Open a .csv after using Dataframe.to_csv Python

Question

Is there a way to open a.csv file right after using Dataframe.to_csv?

Currently, I am using os.startfile to open the.csv file in a folder (search for.csv file and open it) - but I want to open the specific.csv I just created using df.to_csv.

Here is my current code using os.startfile:

dirName3 = r"\\xx\xx\SourceFolder"
fn2 = [f2 for f2 in os.listdir(dirName3)\
    if f2.endswith('.csv') and os.path.isfile(os.path.join(dirName3, f2))][0]
path3 = os.path.join(dirName3, fn2)
open1 = os.startfile(path3)

The above code will open the.csv file I've created but only if it is top of the folder. So if there are others in the folder it may not be at the top and may open a different file.

I also can't specify an absolute path because the.csv name (using df.to_csv) will change day to day based on user input. I also won't be able to search by date because there may be multiple files from the same day in the folder.

Any help appreciated.

Answer 1

Answering my own question after discussion with others in comments above.

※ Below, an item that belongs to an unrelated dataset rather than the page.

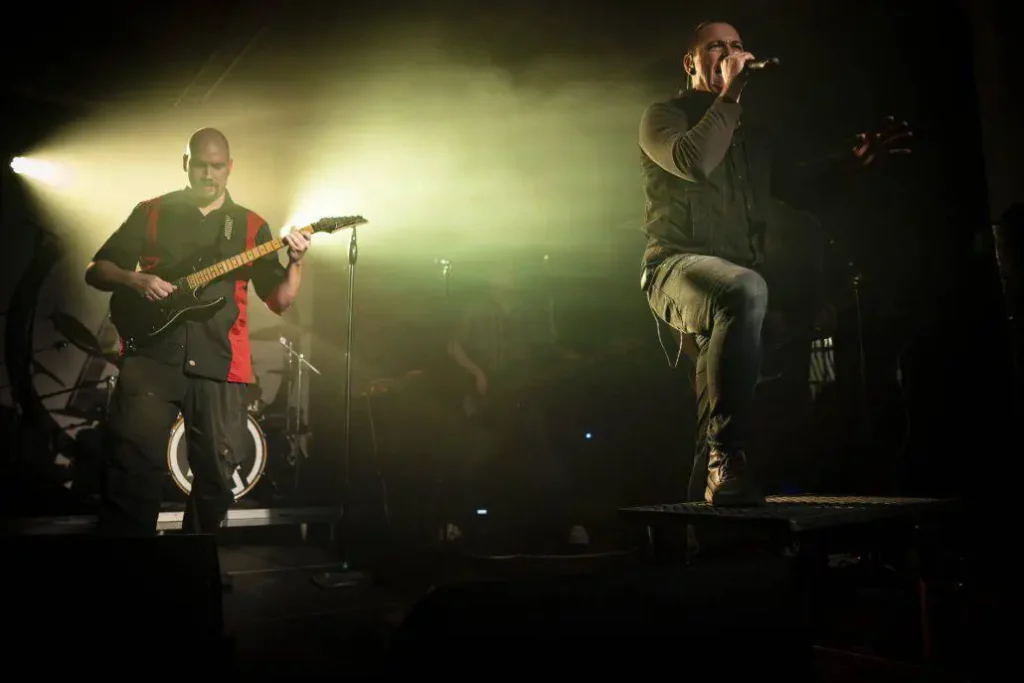 Band spielt Live-Musik auf einer beleuchteten Bühne.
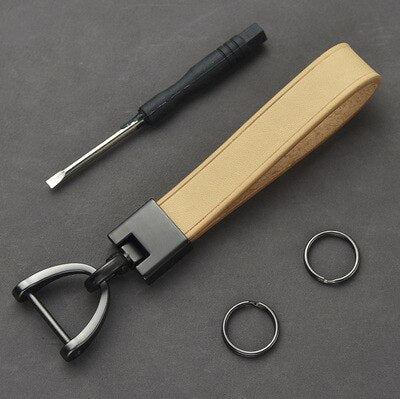 Aveuri Top Layer Cowhide Keychain Top Layer Cowhide Vegetable Tanning Tree Paste Stitching Horseshoe Buckle Pendant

Came up with this to solve the problem:

import os

dirName3 = r"\\xx\xx\Source Folder"
fn2 = [f2 for f2 in os.listdir(dirName3)\
    if f2.endswith(str(datetime.now().strftime('%d_%m_%y_')) + Qname1 + '.csv') and os.path.isfile(os.path.join(dirName3, f2))][0]
path3 = os.path.join(dirName3, fn2)
open1 = os.startfile(path3)

Using f.endswith - instead of '.csv' as in my original above, I used the same information I used to write the csv (using to_csv function which isn't included here). This really only works because I have included a date stamp in the file names - because the Qname1 (user input) can be similar for different days I need the date to differentiate between files.

Cheers stackoverflow.